### [Data records]
+ + + +

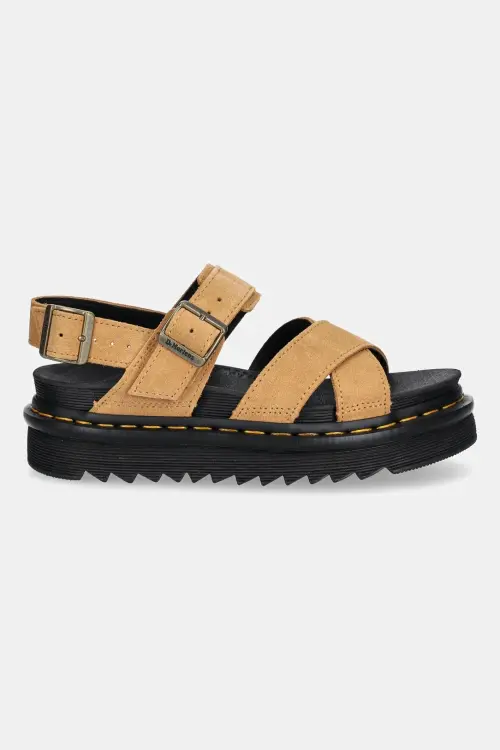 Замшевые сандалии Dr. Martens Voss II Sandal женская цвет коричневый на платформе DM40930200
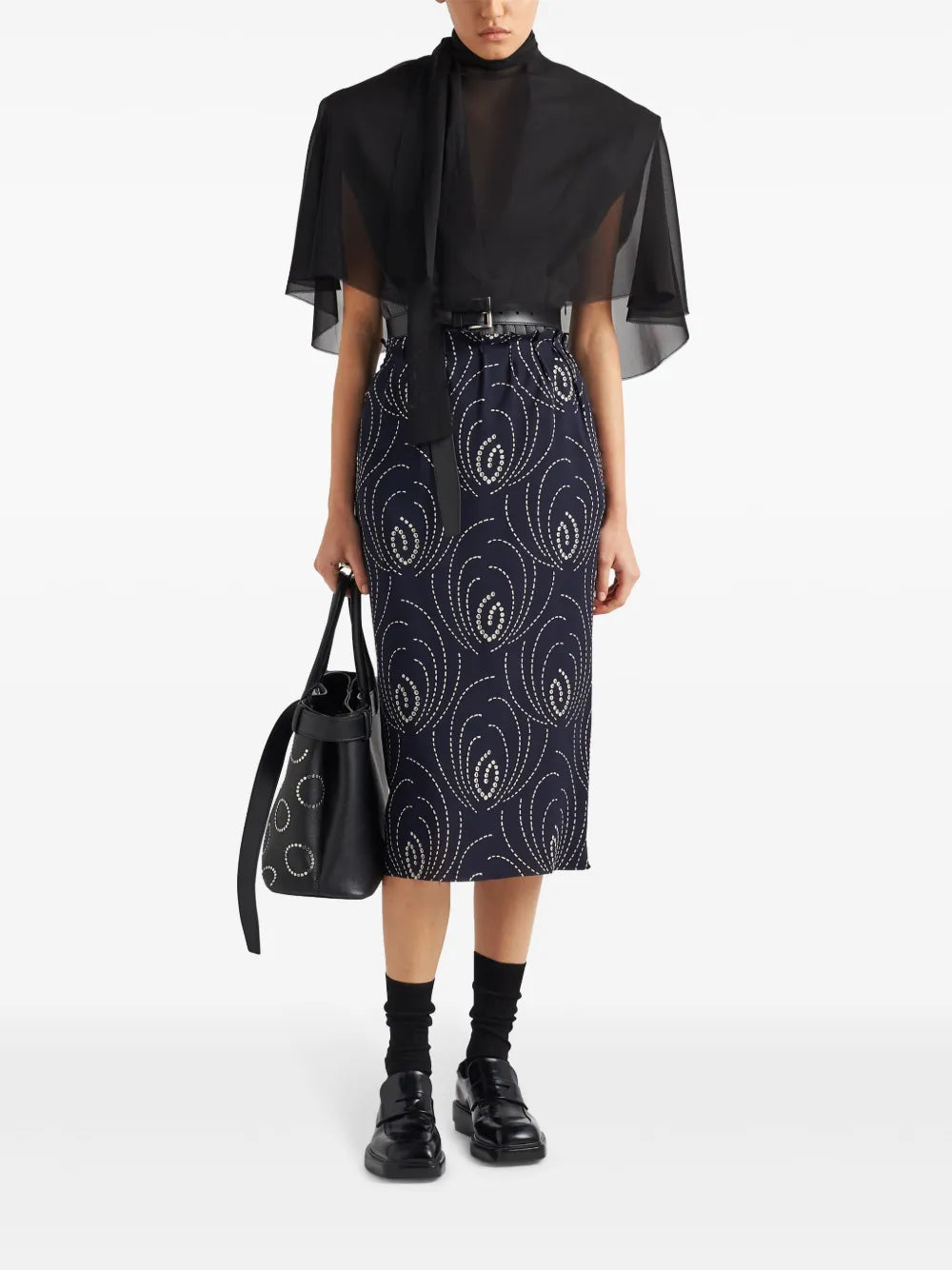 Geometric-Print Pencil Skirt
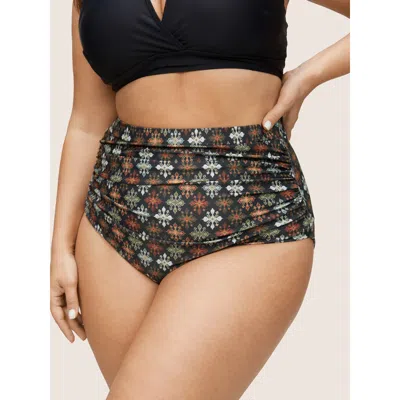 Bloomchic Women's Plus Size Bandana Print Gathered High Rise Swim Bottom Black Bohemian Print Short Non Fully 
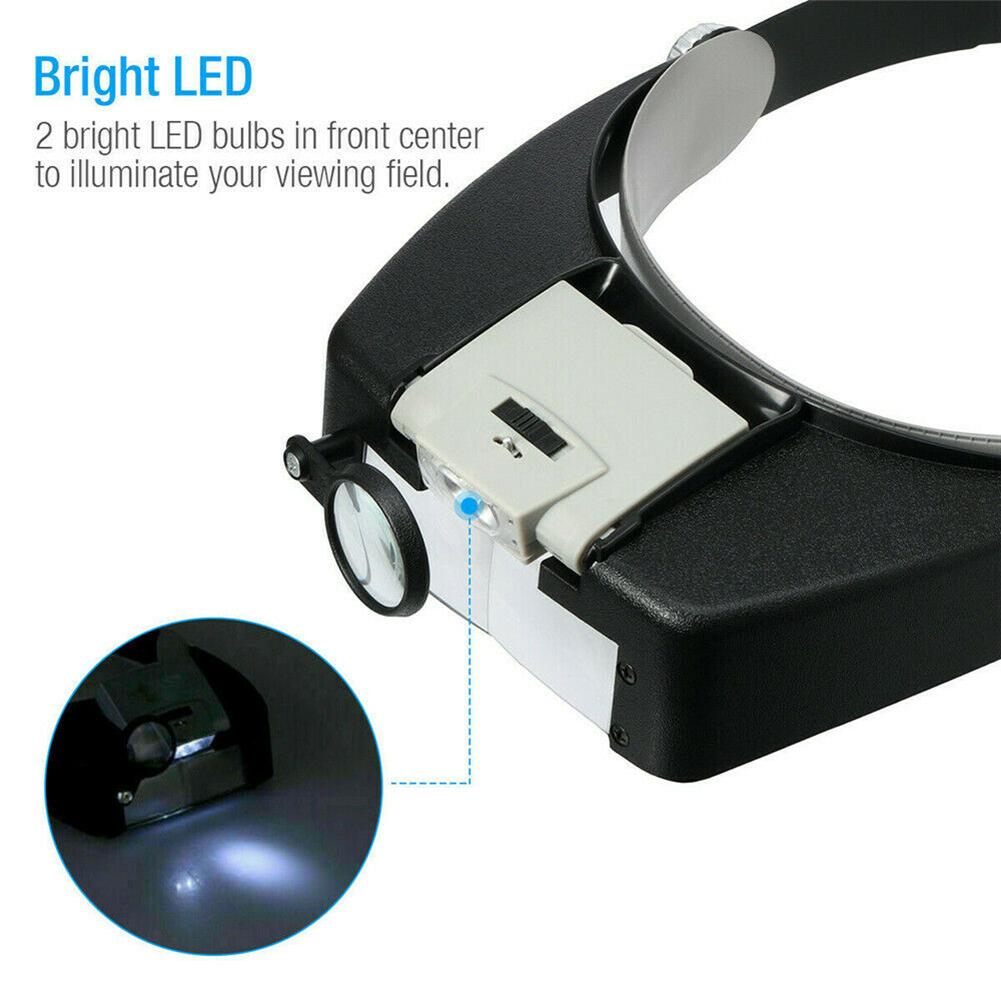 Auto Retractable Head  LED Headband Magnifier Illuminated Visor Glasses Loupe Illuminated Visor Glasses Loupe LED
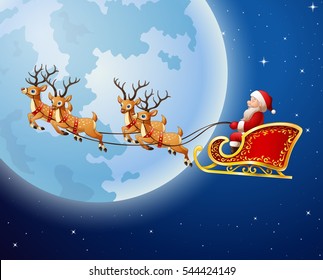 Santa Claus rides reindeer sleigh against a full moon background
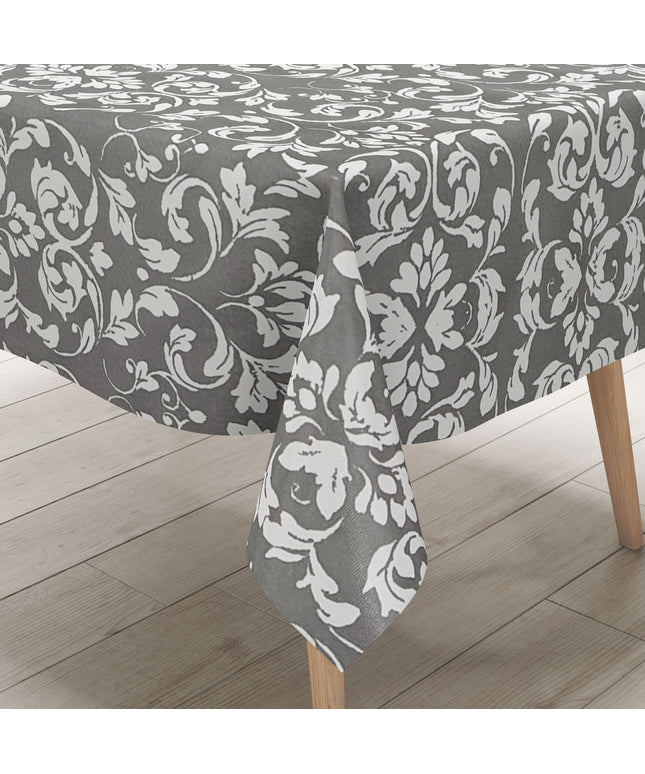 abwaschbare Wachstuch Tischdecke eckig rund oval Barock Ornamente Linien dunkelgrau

+ + + +

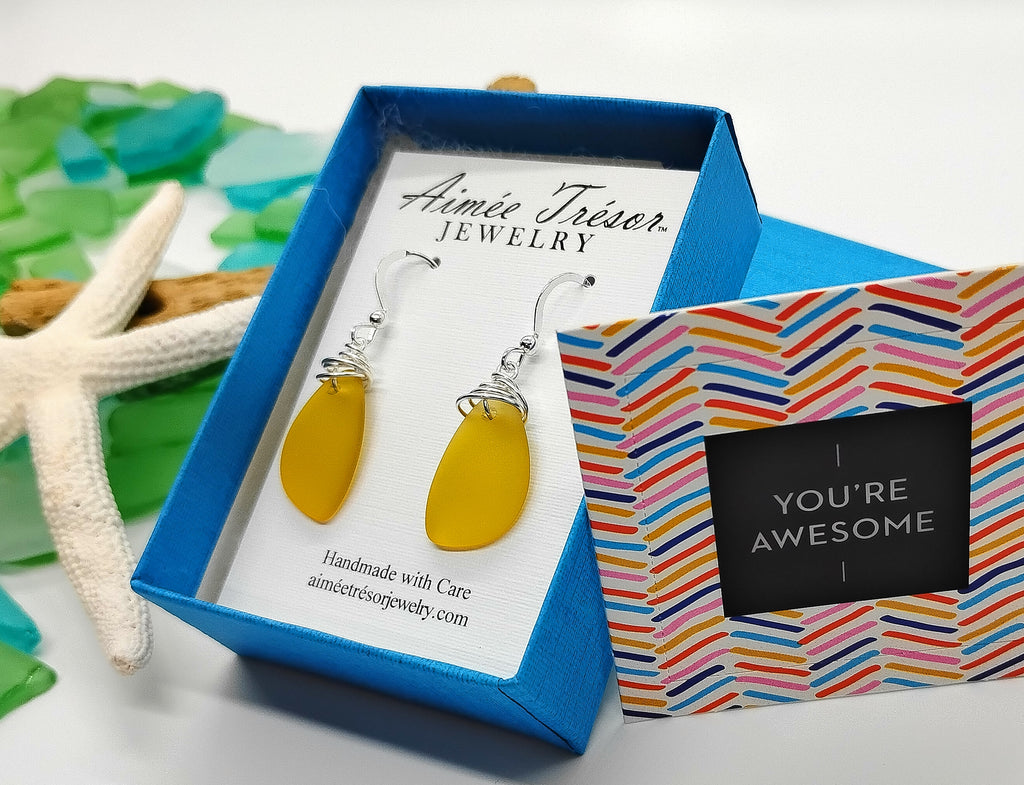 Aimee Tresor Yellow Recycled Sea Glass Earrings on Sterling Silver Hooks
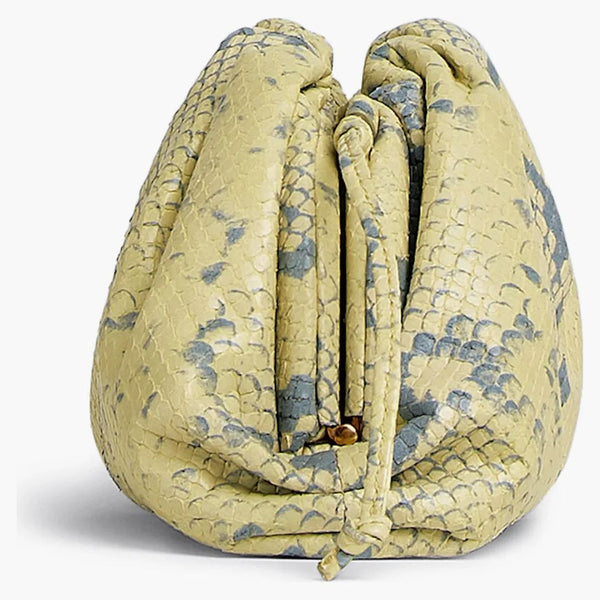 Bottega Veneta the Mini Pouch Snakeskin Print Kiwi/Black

+ + + +

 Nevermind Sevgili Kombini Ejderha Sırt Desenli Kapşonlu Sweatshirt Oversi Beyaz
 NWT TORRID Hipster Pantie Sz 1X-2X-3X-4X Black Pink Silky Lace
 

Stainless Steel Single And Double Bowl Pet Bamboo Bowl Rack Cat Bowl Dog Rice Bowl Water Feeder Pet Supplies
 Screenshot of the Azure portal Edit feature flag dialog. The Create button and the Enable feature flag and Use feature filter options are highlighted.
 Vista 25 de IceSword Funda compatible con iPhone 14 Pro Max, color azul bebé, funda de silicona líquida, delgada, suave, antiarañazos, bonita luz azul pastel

+ + + +

### [Action item]
Keep to the stretch from the line containing "Santa Claus rides" through the line containing "abwaschbare Wachstuch Tischdecke", both ends included, and copy it exactly from the listing above, minus the pictures.

### [Solution to this task]
 Santa Claus rides reindeer sleigh against a full moon background
 abwaschbare Wachstuch Tischdecke eckig rund oval Barock Ornamente Linien dunkelgrau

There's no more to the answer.